Below is a portion copied from the text:
What we need
ME/CFS Biomarker research needs (in my Non-Scientist Opinion):
* A ME/CFS Biomarker Conference(s) to make decisions on how to design better biomarker studies and better Biobanks, showcase the ME/CFS biomarker studies that are now in various stages of development. A conference needs to decide on a biomarker protocol, a biomarker roadmap, Biobank criteria so that non-ME/CFS patients are not included (use of bad criteria) and begin the planning stages for how a ME/CFS diagnostic test will be tested against objective ME/CFS diagnostics (2-Day CPET) since that is likely what FDA/CIHR/NHS will require for regulatory approval.

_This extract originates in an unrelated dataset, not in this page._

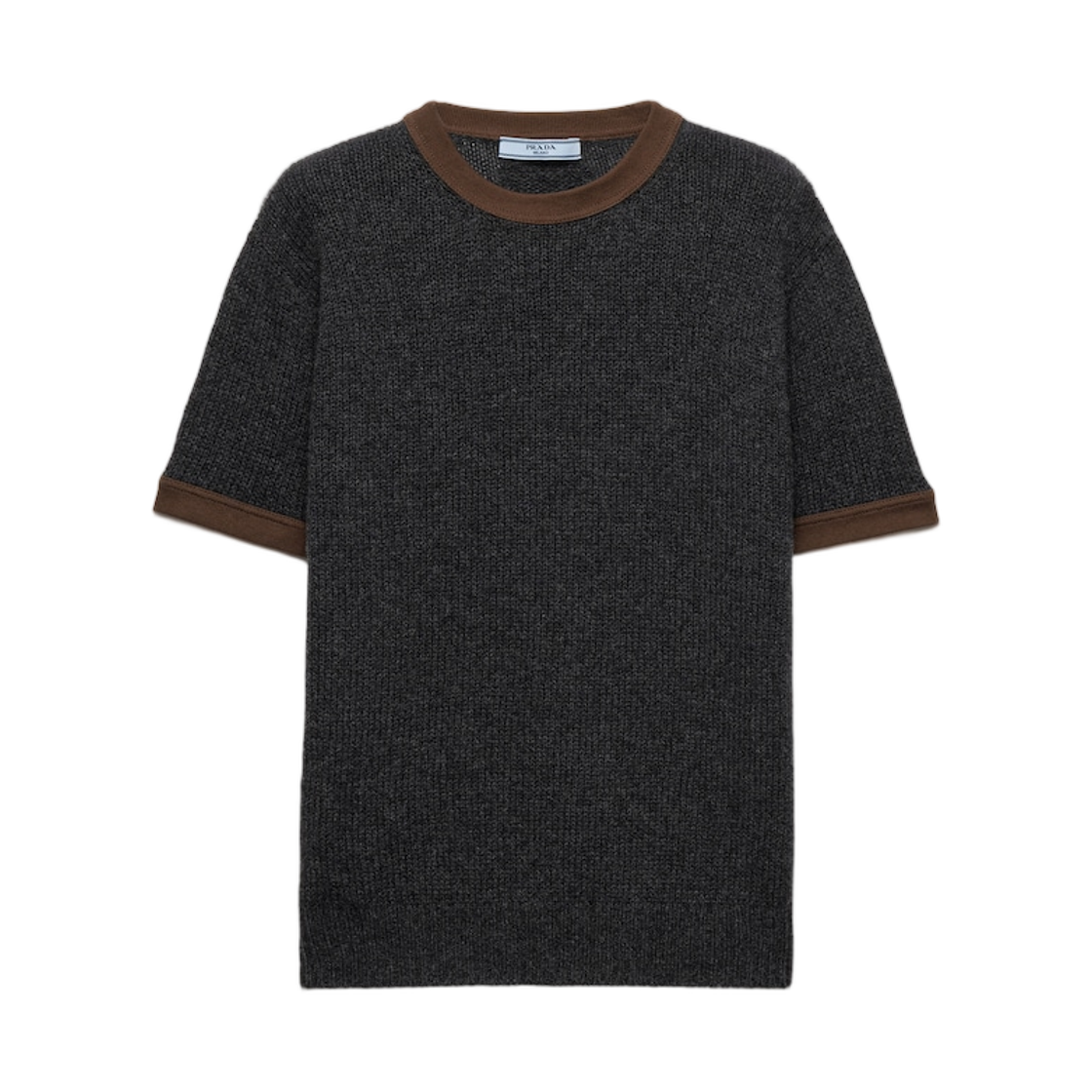 P24Z2H-18W4-F0EDL Prada Cashmere Crew-Neck Sweater Anthracite Gray Tobacco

* A strict biomarker protocol that outlines how ME/CFS cases should be characterized, defined, and clinically diagnosed for use in future ME/CFS biomarker studies. We need to our researchers to be able to compare apples to apples. But they have to be the best apples. If we set out a program of ME/CFS patient criteria that all ME/CFS Biomarker researchers must adhere to, it could help accelerate ME/CFS biomarker research.
* A ME/CFS Biomarker Roadmap modelled after the NIH ME/CFS Roadmap to showcase, and explain where we are in the development of a ME/CFS biomarker for a ME/CFS diagnostic blood test, and how far do we need to go to get that regulatory approval. We need Industry, and Media to publicly see ME/CFS diagnostic biomarkers in development, to find private and public partners for those biomarkers.
* A 2-Day CPET/ Hexoskin Biobank that includes ME/CFS blood samples collected at the time of 1-5 days of 2-Day CPET research, and blood samples from patients who have had PEM provoked by Moreau’s Cuff, and measured objectively with Hexoskin for 5 days. We need a biobank of blood, tissue, and medical records from patients who have had PEM provoked so that we A) Know they are ME/CFS patients B) Meet strict ME/CFS patient criteria C) So that ME/CFS biomarkers can be replicated against ME/CFS patient data sets with objective measurements of ME/CFS. In an ideal world, we would have recognized PET/MRI with TSPO tracer type of diagnosis for ME/CFS that was cheap and accessible so we could build up a biobank based on an imaging diagnosis, but I don’t know if that’s realistic or not. Dr. Michelle James, PhD, Scientific board member at Open Medicine Foundation, is working on clinical imaging for ME/CFS, but we haven’t had an update since 2023, as far as I know.
* We also need to consider Dr. Steven Deeks, MD’s advice that was given to LongCovid patients at PolyBio Symposium to model a Biomarker Program after the HIV Raven Program. Although, to my amateur eyes, the OMF way of Operating looks like VIPER already.